Although there are multiple ways through which RAG apps can be created and modified, the easiest and trending method is using LangChain. For vector db, pinecone is the most famous option out there. For embeddings, there are multiple options such as Hugging face embeddings, tiktoken and it is also possible to create your own embeddings, but it won’t have much complexity and token range.

Fine-tuning


Fine-tuning should not be confused with RAG. However, both terms are similar and closely related. Fine-tuning means retraining the model with custom parameters or specific parameters such that its usage and the knowledge-base can be complementary to each other.
One way of fine tuning an LLM is PEFT, which stands for parameter efficient fine tuning. This means retraining only the weights that are related to our use case instead of retraining the full model all over again.

Fine-tuning plays a crucial role in optimizing the performance of RAG models. Although distinct from RAG, fine-tuning involves retraining the model with custom parameters tailored to specific use cases. Parameter Efficient Fine Tuning (PEFT) offers a streamlined approach to fine-tuning by selectively adjusting relevant model weights without retraining the entire model from scratch. This allows for greater flexibility in adapting the LLM to different knowledge bases and user requirements.

Prompt Engineering

Prompt engineering is a relatively new term and it is a very important skill when it comes to getting desired outputs from the LLM. This means specifically designing an input prompt that has all the required details but not excess information. This prompt can optimally guide the LLM to generate a desired output. 

Prompt engineering emerges as a key skill in maximizing the effectiveness of RAG models. By crafting carefully designed input prompts, users can guide the LLM to generate desired outputs with precision and efficiency.
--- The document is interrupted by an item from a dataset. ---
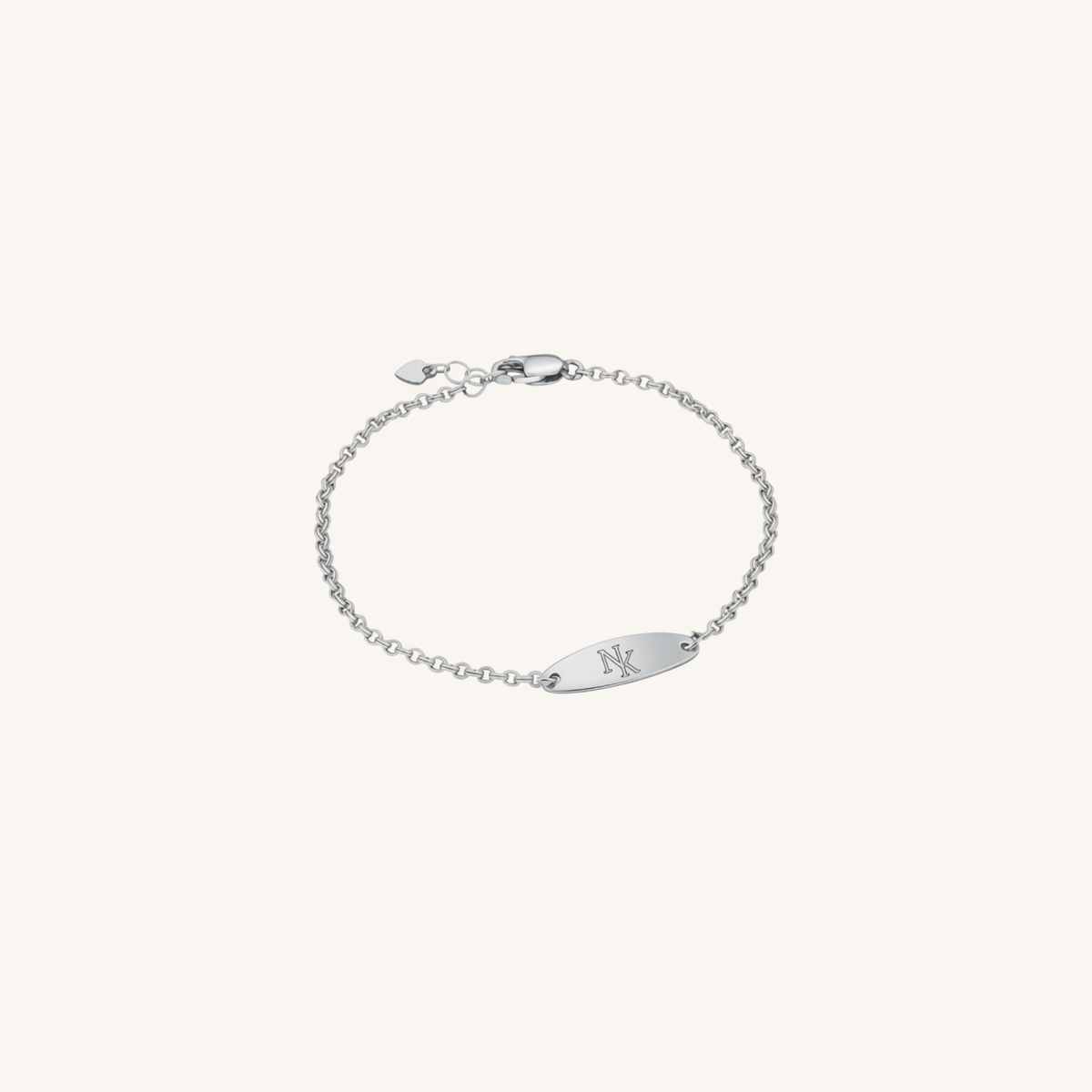 Newcastle Knights Engravable Oval Charm Bracelet - LIMITED EDITION - Silver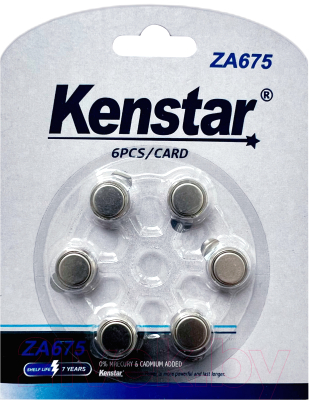 Комплект батареек Kenstar ZA675 BL-6 Zinc Air / KS-ZA675-BL6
Whether generating content for blogs, speeches, or refining existing text, a well-engineered prompt ensures optimal performance from the LLM, resulting in more accurate and contextually relevant responses.

This skill is important when you want the LLM to write content for you. eg. blogs, speeches, keynotes, etc. It is also important when you want the model to refine/modify your text. A well engineered prompt always gets the most optimal answer from the LLM.
In conclusion, RAG represents a groundbreaking advancement in AI-driven natural language processing, offering a powerful framework for integrating external knowledge bases with LLMs. Through a combination of advanced technologies and innovative techniques such as fine-tuning and prompt engineering, RAG empowers users to unlock new possibilities in information retrieval and generation, paving the way for more intelligent and insightful interactions with AI systems.